## Task item
What you write should be an exact repeat of the lines from the one with "imagine 13 Apartament" through the final line below, minus the pictures.

## Source material

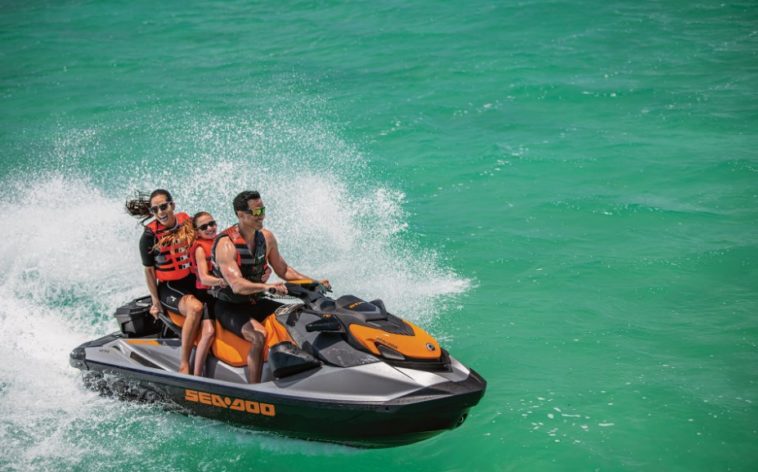 main jetski pelabuhan marina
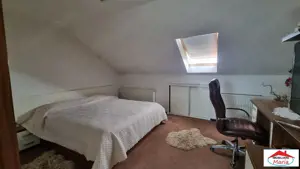 Apartament 3 camere semicentral pe 2 niveluri - imagine 13 Apartament 3 camere semicentral pe 2 niveluri - imagine 13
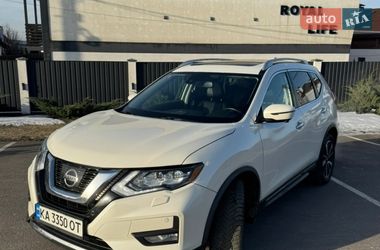 Внедорожник / Кроссовер Nissan Rogue 2018 в Киеве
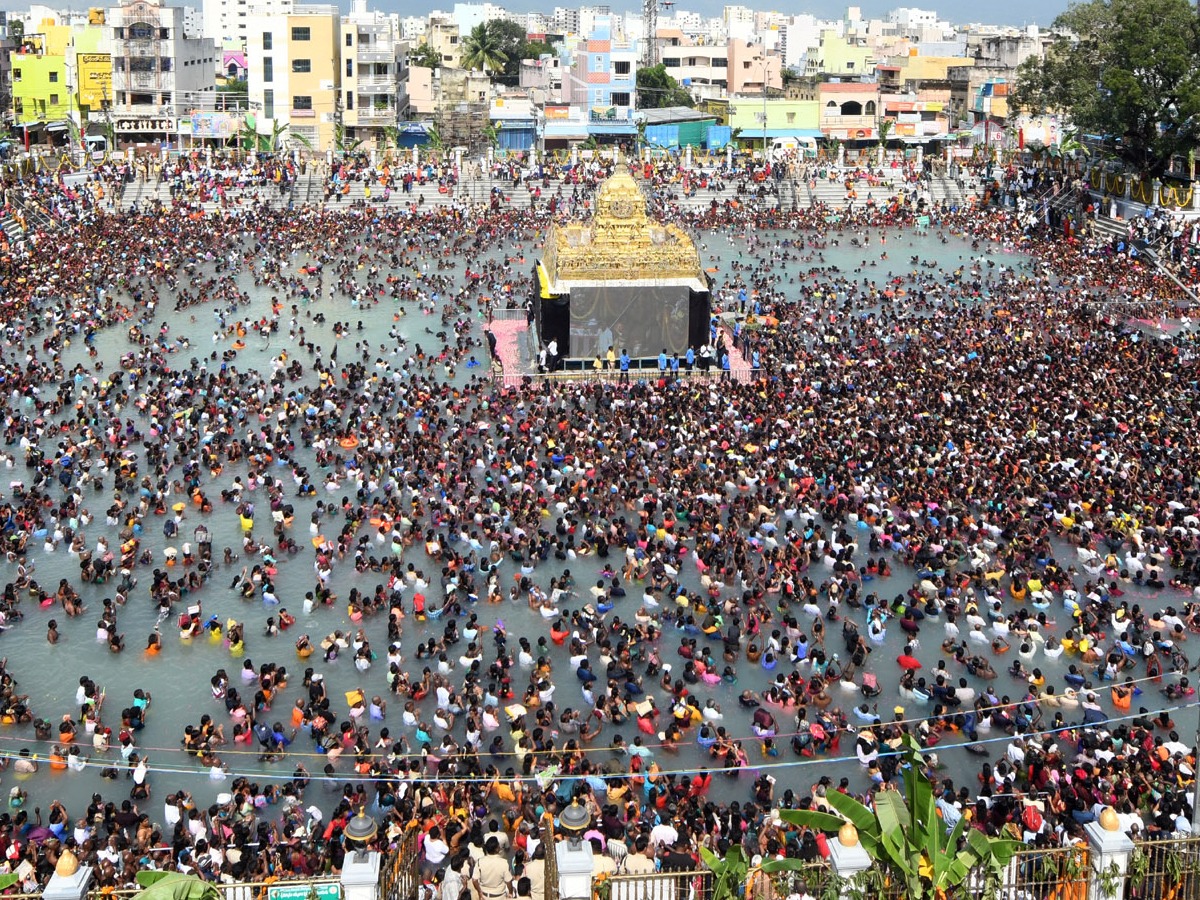 Tiruchanur Brahmotsavams grandly celebrated Panchamithirtham5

## Answer section
 Apartament 3 camere semicentral pe 2 niveluri - imagine 13 Apartament 3 camere semicentral pe 2 niveluri - imagine 13
 Внедорожник / Кроссовер Nissan Rogue 2018 в Киеве
 Tiruchanur Brahmotsavams grandly celebrated Panchamithirtham5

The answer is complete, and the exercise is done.